Dal ’92 in poi si sono susseguite battaglie politiche tra territori e città che miravano a salvaguardare la struttura presente nei propri confini. Nell’ottica di queste nuove riforme e dei successivi piani di riordino ospedaliero fatti da destra e da sinistra, non servivano più tante piccole strutture, ma pochi grandi ospedali, più efficaci. E così, molte strutture vennero depotenziate, altre avvantaggiate, espanse, dando il via anche a lotte tra campanili che durano ancora oggi. Il nostro nosocomio, si avviò verso un depotenziamento, surclassato da strutture più moderne, più grandi, più decentrate e quindi con più capacità di espansione, sorte, nel corso del ‘900 a Bari e nei comuni limitrofi. A decretare l’indebolimento della struttura sanitaria cittadina anche l’esito fallimentare di alcune delle proposte che, nei decenni precedenti, avevano provato a dismettere l’ospedale bitontino e le strutture dei paesi viciniori, per favorire la costruzione di edifici più adeguati alle odierne esigenze.

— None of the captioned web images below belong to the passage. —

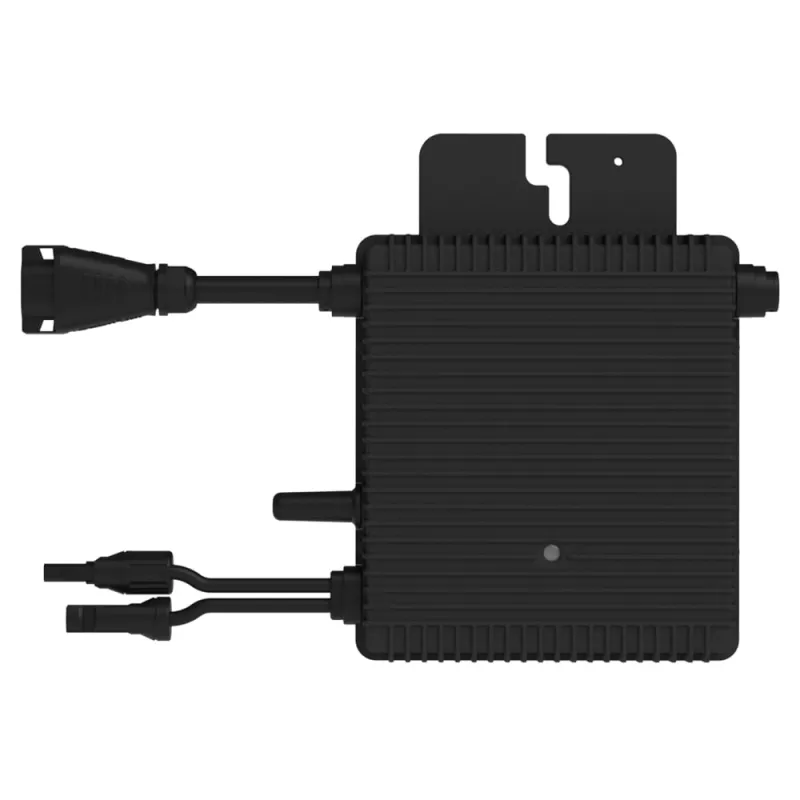 Hoymiles HMS-450-1T Microinverter in Betrieb an einem Solarmodul montiert.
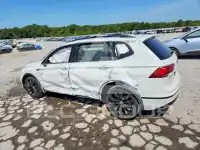 2020 Volkswagen Tiguan photo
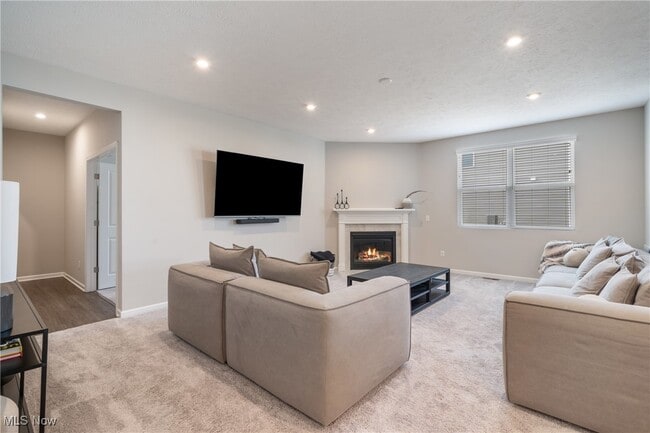 property at 115 N Washburn Rd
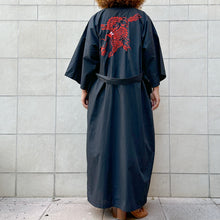 Load image into Gallery viewer, Vestaglia a kimono  Lillian Vernon nero con ricamo drago 70s

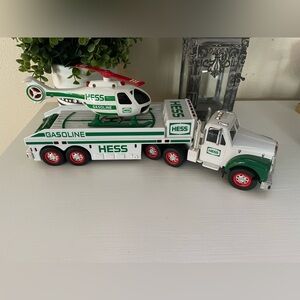 HESS Corporation 2002 GASOLINE FLATBED TRUCK W/HELICOPTER Landing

«La prima – spiegò il “da Bitonto” nel luglio 2014 – fu avanzata negli anni ’80 e riguardava la costruzione della struttura nuova sulla via che collega Bitonto e Palombaio. La seconda, più recente, mirava alla costruzione di un nosocomio sulla via vecchia per Molfetta, che avrebbe accolto i cittadini di Bitonto, Molfetta, Giovinazzo e Terlizzi».
Ineguagliabili bacini di voti, gli ospedali, infatti, iniziarono a diventare protagonisti delle diverse competizioni elettorali per la presidenza regionale. Iniziarono ad essere oggetto di promesse mantenute o meno, querelle tra fazioni politiche, disordinati piani regionali di riordino e campanilismi strumentali e controproducenti hanno, così, segnato anche la storia cittadina più recente. All’esigenza di razionalizzare la spesa, rendere più efficienti le strutture, attraverso una riconversione, faceva da contraltare il timore, spesso paventato ad hoc per motivi politici, di una totale chiusura.
Il processo di razionalizzazione continuò, poi, con il decreto legislativo 229 del 19 giugno 1999, firmato dall’allora ministro della Sanità Rosy Bindi. Il resto è storia che continua nei nostri giorni.